#### Problem description
Word for word, set down the full listing below.

Entries provided: Begin

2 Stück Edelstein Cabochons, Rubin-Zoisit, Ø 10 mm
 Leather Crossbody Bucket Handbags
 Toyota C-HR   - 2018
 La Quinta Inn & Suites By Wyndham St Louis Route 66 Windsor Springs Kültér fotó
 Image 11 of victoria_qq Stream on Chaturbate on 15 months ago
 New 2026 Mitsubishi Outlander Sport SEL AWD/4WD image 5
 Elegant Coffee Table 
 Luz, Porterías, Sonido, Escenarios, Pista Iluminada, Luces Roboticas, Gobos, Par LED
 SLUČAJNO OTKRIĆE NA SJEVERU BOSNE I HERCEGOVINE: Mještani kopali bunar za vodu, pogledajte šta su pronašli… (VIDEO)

Entries provided: End

#### Task response
2 Stück Edelstein Cabochons, Rubin-Zoisit, Ø 10 mm
 Leather Crossbody Bucket Handbags
 Toyota C-HR   - 2018
 La Quinta Inn & Suites By Wyndham St Louis Route 66 Windsor Springs Kültér fotó
 Image 11 of victoria_qq Stream on Chaturbate on 15 months ago
 New 2026 Mitsubishi Outlander Sport SEL AWD/4WD image 5
 Elegant Coffee Table 
 Luz, Porterías, Sonido, Escenarios, Pista Iluminada, Luces Roboticas, Gobos, Par LED
 SLUČAJNO OTKRIĆE NA SJEVERU BOSNE I HERCEGOVINE: Mještani kopali bunar za vodu, pogledajte šta su pronašli… (VIDEO)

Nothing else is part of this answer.